**Available data:**

★ ★ ★

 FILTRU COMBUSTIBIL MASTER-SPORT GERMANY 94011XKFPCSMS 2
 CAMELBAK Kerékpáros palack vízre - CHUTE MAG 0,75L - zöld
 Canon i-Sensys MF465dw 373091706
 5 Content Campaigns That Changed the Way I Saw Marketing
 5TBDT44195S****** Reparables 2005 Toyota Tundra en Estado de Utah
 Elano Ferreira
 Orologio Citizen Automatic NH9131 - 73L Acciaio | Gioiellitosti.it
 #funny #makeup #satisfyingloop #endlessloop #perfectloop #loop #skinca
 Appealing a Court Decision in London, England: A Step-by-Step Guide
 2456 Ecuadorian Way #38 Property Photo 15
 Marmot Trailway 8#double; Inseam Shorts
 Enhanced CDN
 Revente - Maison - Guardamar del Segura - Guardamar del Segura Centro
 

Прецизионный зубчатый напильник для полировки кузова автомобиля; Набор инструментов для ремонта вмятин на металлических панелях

★ ★ ★

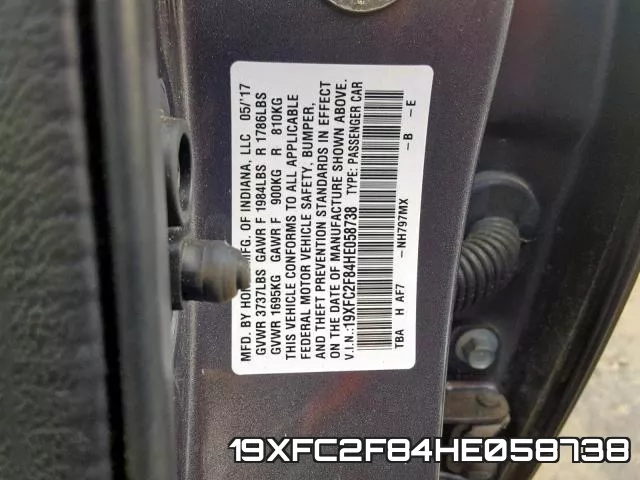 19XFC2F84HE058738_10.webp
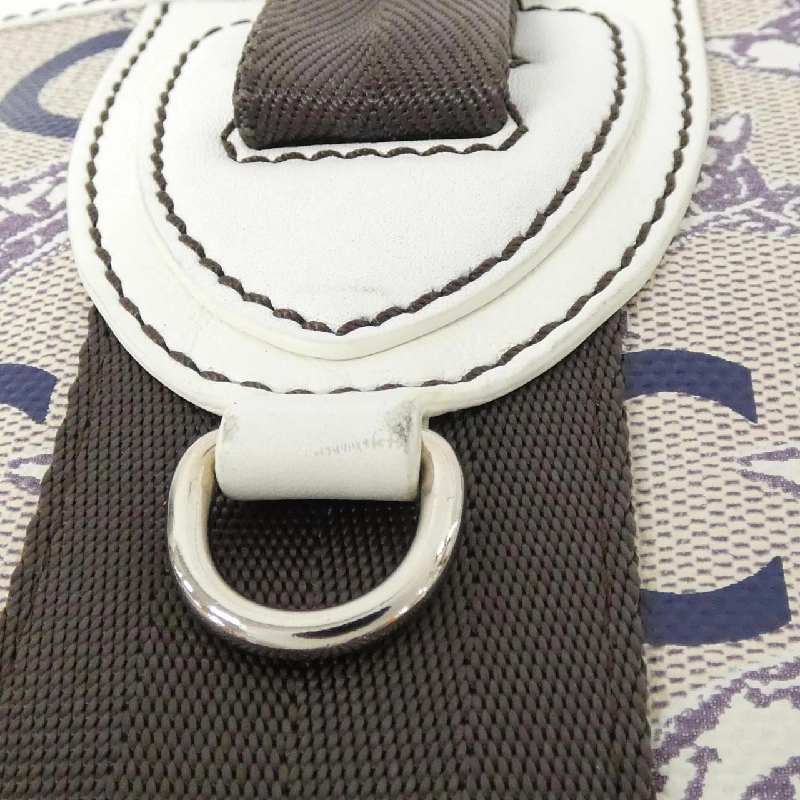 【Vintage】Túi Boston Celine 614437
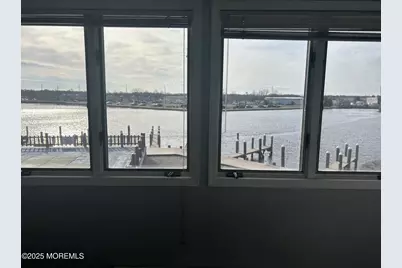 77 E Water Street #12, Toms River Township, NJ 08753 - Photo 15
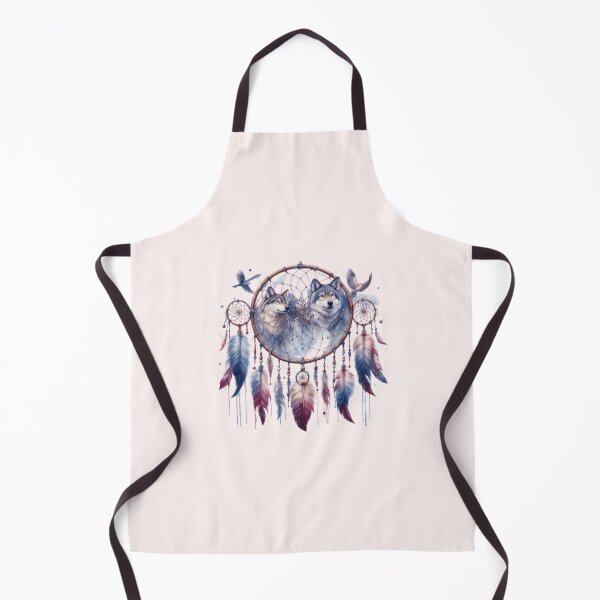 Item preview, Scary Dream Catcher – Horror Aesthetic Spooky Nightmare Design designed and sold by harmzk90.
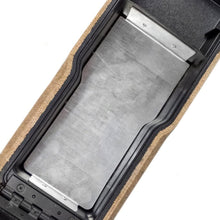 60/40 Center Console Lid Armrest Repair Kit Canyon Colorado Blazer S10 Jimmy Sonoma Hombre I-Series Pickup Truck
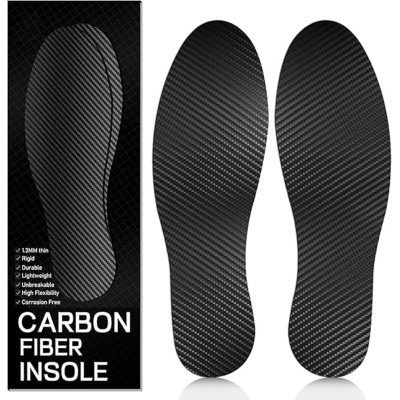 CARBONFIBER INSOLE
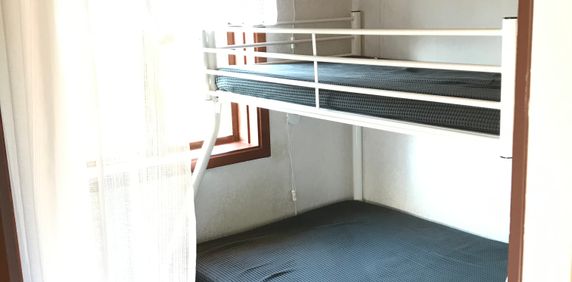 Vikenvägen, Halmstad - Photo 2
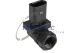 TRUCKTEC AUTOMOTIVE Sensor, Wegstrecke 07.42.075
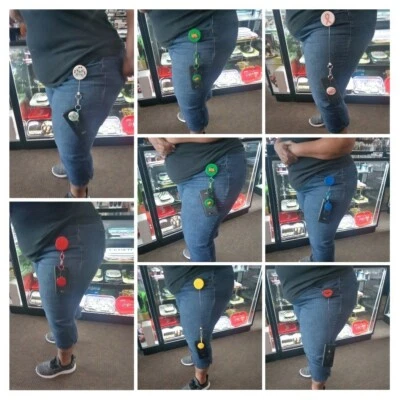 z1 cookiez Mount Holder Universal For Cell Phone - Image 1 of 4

★ ★ ★

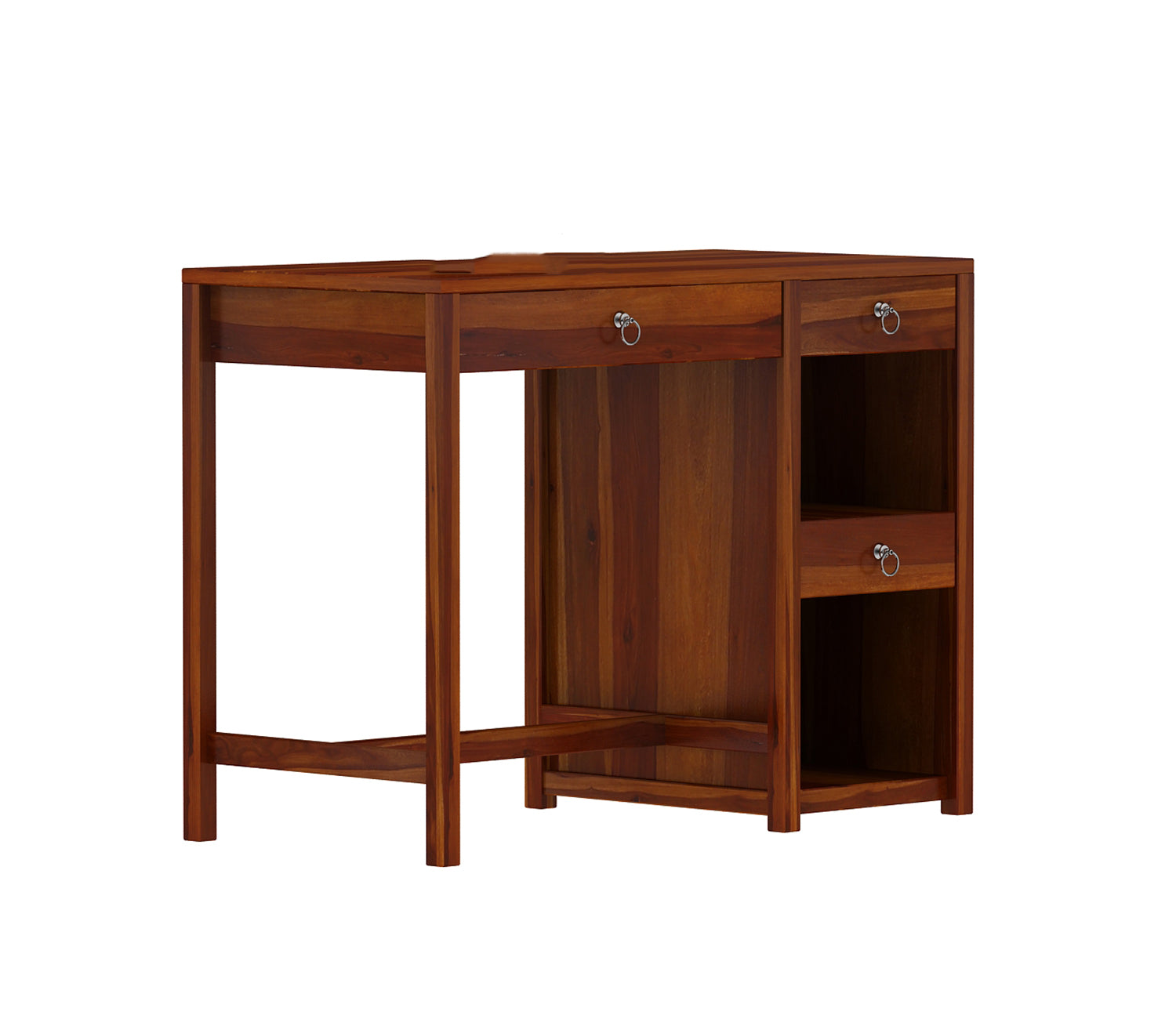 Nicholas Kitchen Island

★ ★ ★

**Exercise directions:** Using the entries above, extract exactly the span from the line with "5 Content Campaigns" to the line with "Прецизионный зубчатый напильник", both lines included; leave out everything else.

**Answer to this exercise:**
 5 Content Campaigns That Changed the Way I Saw Marketing
 5TBDT44195S****** Reparables 2005 Toyota Tundra en Estado de Utah
 Elano Ferreira
 Orologio Citizen Automatic NH9131 - 73L Acciaio | Gioiellitosti.it
 #funny #makeup #satisfyingloop #endlessloop #perfectloop #loop #skinca
 Appealing a Court Decision in London, England: A Step-by-Step Guide
 2456 Ecuadorian Way #38 Property Photo 15
 Marmot Trailway 8#double; Inseam Shorts
 Enhanced CDN
 Revente - Maison - Guardamar del Segura - Guardamar del Segura Centro
 

Прецизионный зубчатый напильник для полировки кузова автомобиля; Набор инструментов для ремонта вмятин на металлических панелях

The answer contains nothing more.